Well you did ask! Got that off my chest wish I could get it out of my mind too.
Kamilla xx
 
((hugs)) well done for attending the wedding regardless.. hope you feel better soon. it really is their loss if they continue to be childish! ((hugs))
 
You are so right PH! But it hurts so much that people I've known for so long can be so petty. I'm meant to be going out for lunch with one of them this week as well....wonder if she'll talk to me!!!:rolleyes:
Spent most of to day crying...DH is very cross with me and them :( with me because he thinks I should have come home and because he doesn't want me taking a huge step backwards.
Kamilla x
 
Ahh hun, don't let them get to you this way. It is hurtful, I can understand that. but certainly don't let it affect your relationship or weight loss. You've come so far!
Go pack 55lbs of weight into a suitcase... explain to your hubby what you are doing first mind you!

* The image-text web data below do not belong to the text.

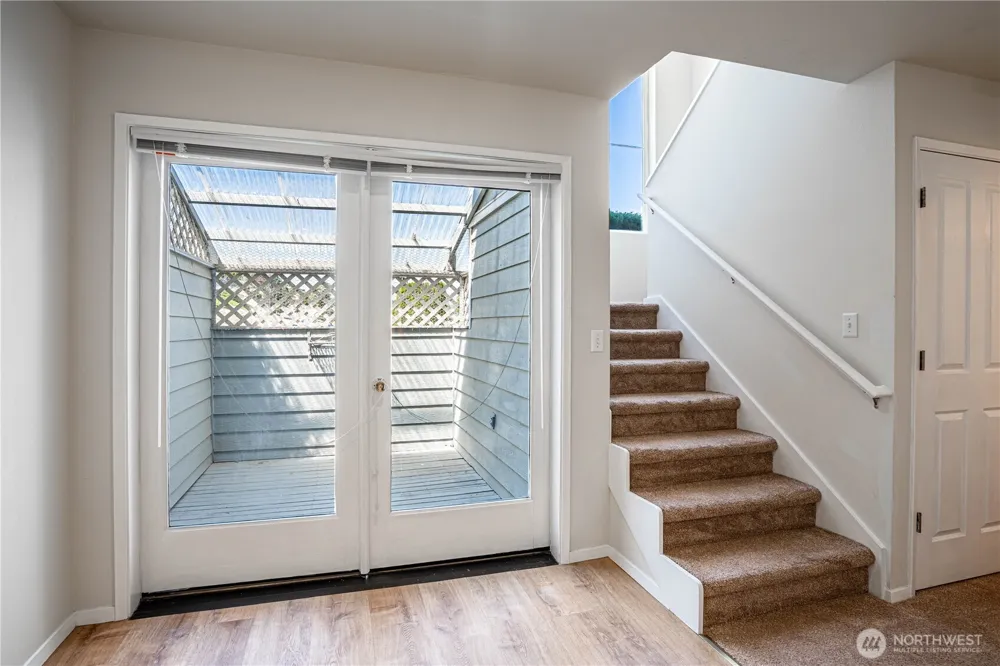 433 W Webster Avenue Chelan, WA 98816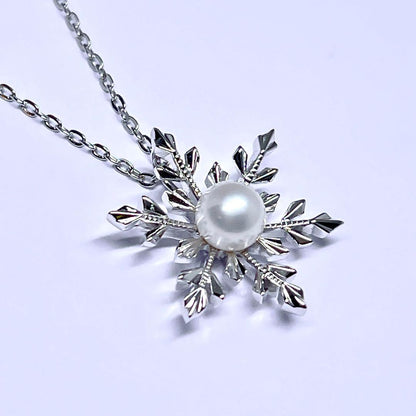 Mikimoto Snowflake pearl necklace with 6.2mm pearls and silver chain 42cm length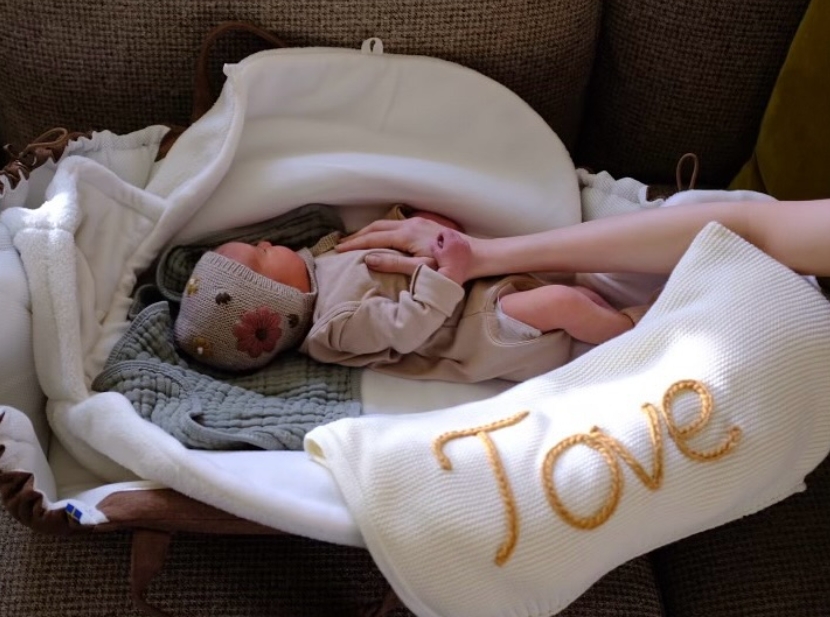 Lily Collins anuncia nascimento de filha através de barriga de aluguel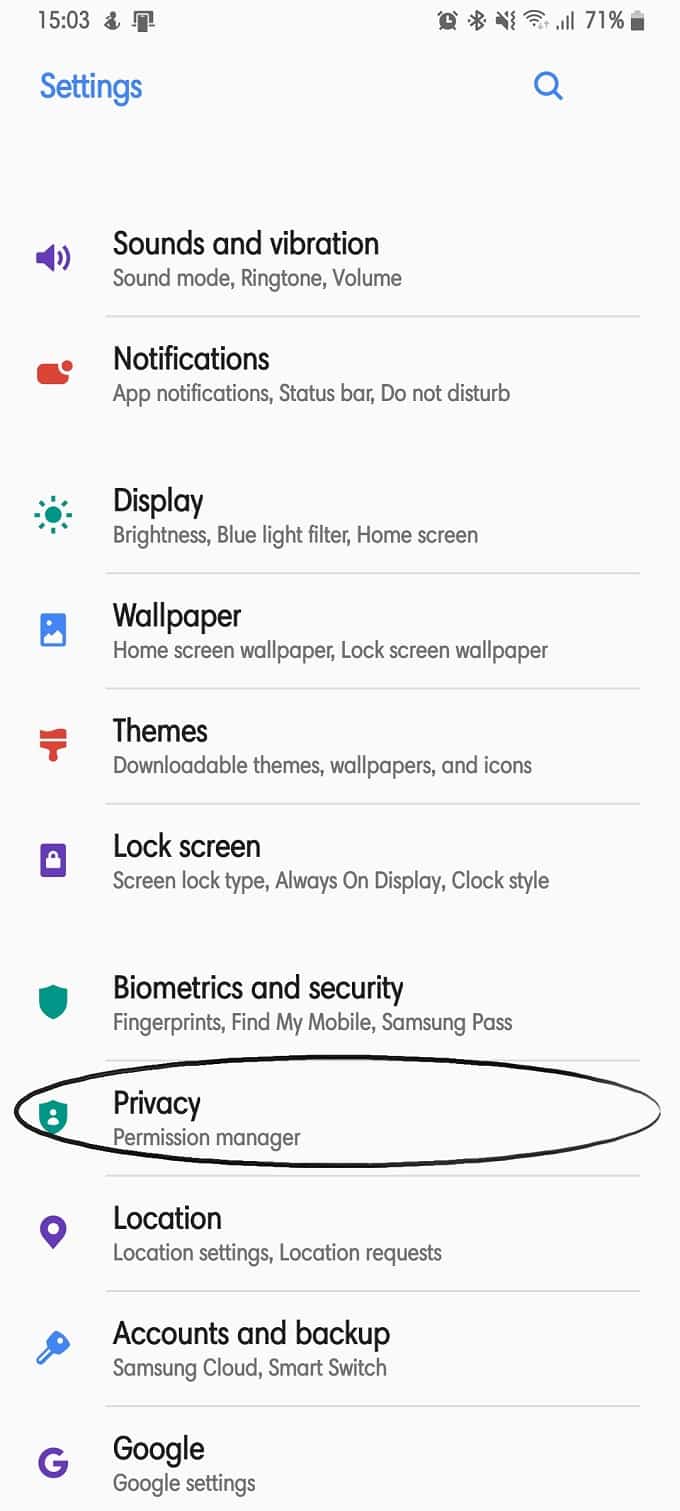 Vào Cài đặt ( Settings) và chọn Riêng tư ( Privacy)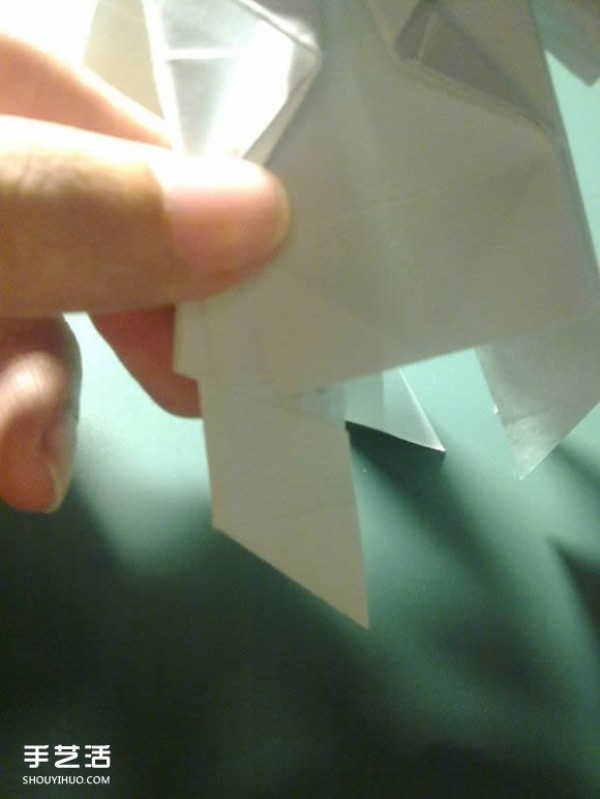 Detailed illustration of the folding process of Hatsune Miku origami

And try to lift it!
Honestly... my daughter weighs less than i've lost now and it amazes me when i lift her and really have to put my back into it... just how much i've lost!

Don't give up!

I hope that they'll come around, but you have to ask yourself IF they will ever be real true friends given what they have done. ((hugs)) I mean that in the best way possible, but i know it's hard sometimes to move on, adn accept people have hurt us or let us down.